Segment Open

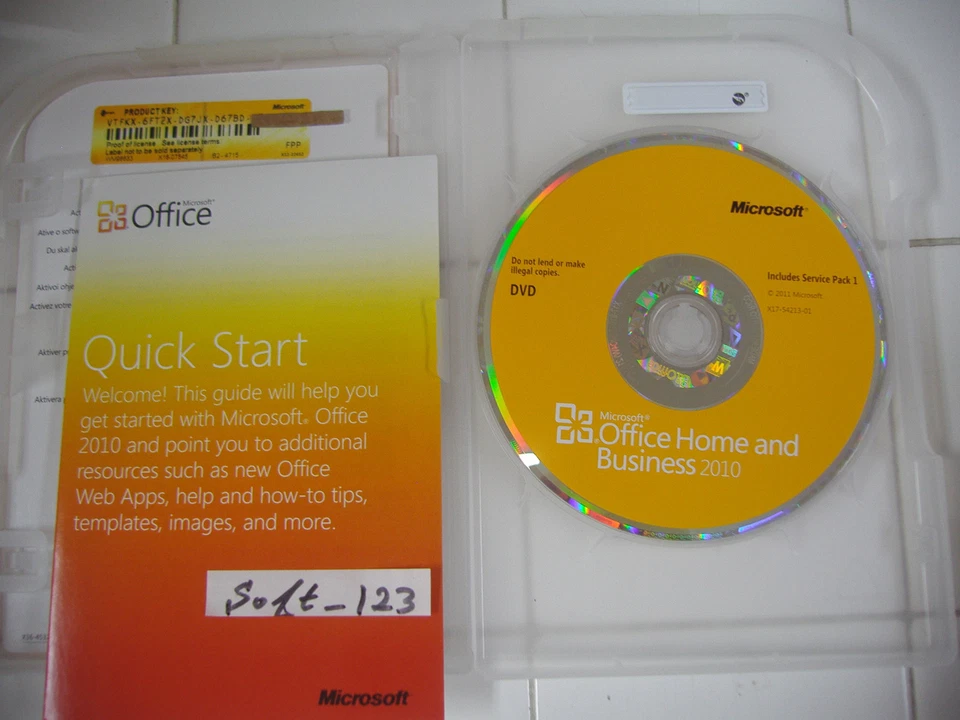 MS Microsoft Office 2010 Home and Business Licensed For 2 PCs Full Retail Box - Image 2 of 3
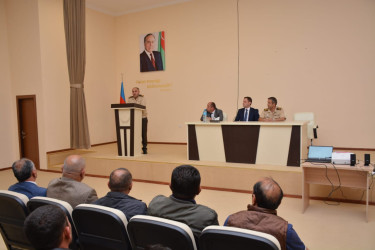 Ağstafada dinc və müharibə dövrlərində Fövqəladə hallarda davranış qaydaları mövzusunda maarifləndirici tədbir keçirilmişdir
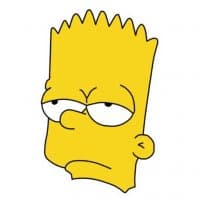 «Bart» sticker set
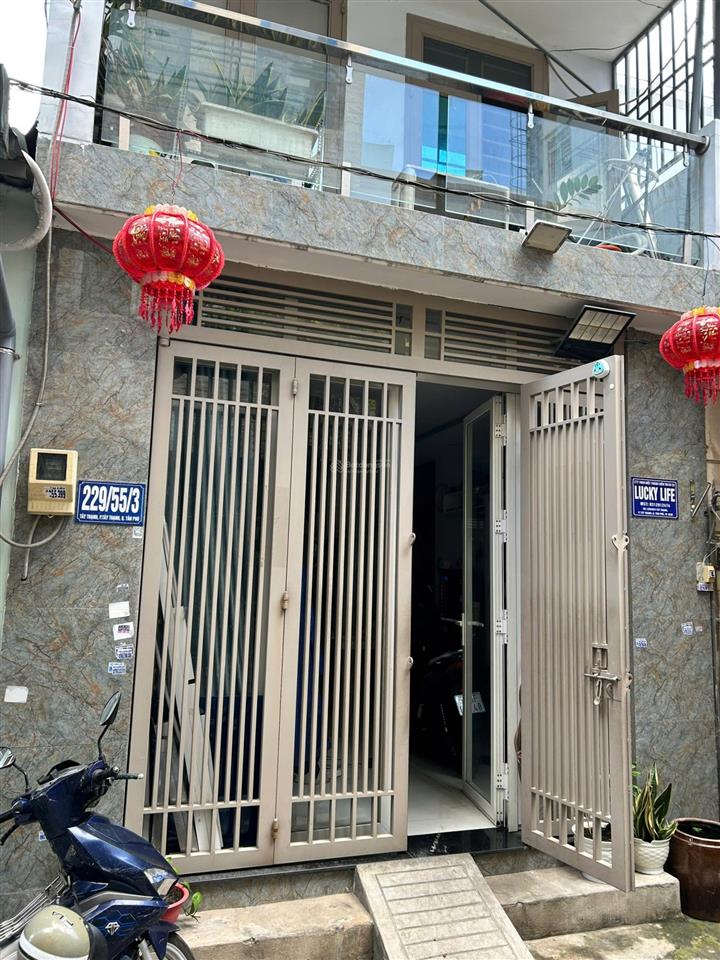 Nhà giá tốt 229/55 tây thạnh, dt xây dựng 56,4m2, nhà mới 2 tầng, giá 4,9 tỷ (tl)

Segment Closed

EXERCISE PROMPT: In transcribing the listing, keep each word as it is and drop the pictures.

TASK RESPONSE:
 MS Microsoft Office 2010 Home and Business Licensed For 2 PCs Full Retail Box - Image 2 of 3
 Ağstafada dinc və müharibə dövrlərində Fövqəladə hallarda davranış qaydaları mövzusunda maarifləndirici tədbir keçirilmişdir
 «Bart» sticker set
 Nhà giá tốt 229/55 tây thạnh, dt xây dựng 56,4m2, nhà mới 2 tầng, giá 4,9 tỷ (tl)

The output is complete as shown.